Work item: Copy out each line of the data below in which "Blue" appears.

BEGIN Exercise inputs

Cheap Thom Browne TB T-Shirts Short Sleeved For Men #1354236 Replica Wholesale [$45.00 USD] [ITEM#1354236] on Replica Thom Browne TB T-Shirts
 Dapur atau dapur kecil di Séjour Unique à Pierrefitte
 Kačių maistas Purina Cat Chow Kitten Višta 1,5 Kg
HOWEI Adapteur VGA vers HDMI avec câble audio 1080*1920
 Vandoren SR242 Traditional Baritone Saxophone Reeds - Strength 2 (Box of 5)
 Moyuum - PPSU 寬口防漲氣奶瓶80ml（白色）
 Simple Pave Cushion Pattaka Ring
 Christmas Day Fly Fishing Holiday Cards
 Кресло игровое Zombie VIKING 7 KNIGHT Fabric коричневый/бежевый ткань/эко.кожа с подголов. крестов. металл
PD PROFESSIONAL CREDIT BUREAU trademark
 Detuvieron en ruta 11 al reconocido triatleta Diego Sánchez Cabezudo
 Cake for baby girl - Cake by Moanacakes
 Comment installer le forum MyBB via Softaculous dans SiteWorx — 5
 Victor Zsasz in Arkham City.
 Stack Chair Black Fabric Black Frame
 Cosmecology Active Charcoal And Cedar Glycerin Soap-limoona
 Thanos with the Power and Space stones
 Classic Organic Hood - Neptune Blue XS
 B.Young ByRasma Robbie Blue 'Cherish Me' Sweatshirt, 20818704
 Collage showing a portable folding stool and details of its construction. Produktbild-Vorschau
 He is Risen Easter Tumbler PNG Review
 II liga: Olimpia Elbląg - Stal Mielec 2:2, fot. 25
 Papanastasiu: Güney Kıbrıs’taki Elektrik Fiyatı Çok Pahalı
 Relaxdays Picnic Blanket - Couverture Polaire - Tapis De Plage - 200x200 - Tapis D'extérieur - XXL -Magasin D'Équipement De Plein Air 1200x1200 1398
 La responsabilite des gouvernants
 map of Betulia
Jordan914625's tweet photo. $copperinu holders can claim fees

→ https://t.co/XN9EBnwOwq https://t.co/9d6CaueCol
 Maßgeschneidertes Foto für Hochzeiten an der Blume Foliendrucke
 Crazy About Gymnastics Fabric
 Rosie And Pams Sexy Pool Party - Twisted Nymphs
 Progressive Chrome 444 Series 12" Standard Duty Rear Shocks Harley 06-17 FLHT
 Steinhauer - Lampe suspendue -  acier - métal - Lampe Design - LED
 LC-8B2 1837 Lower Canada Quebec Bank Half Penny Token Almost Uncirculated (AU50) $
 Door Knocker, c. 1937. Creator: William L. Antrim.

END Exercise inputs

Written response:
 Classic Organic Hood - Neptune Blue XS
 B.Young ByRasma Robbie Blue 'Cherish Me' Sweatshirt, 20818704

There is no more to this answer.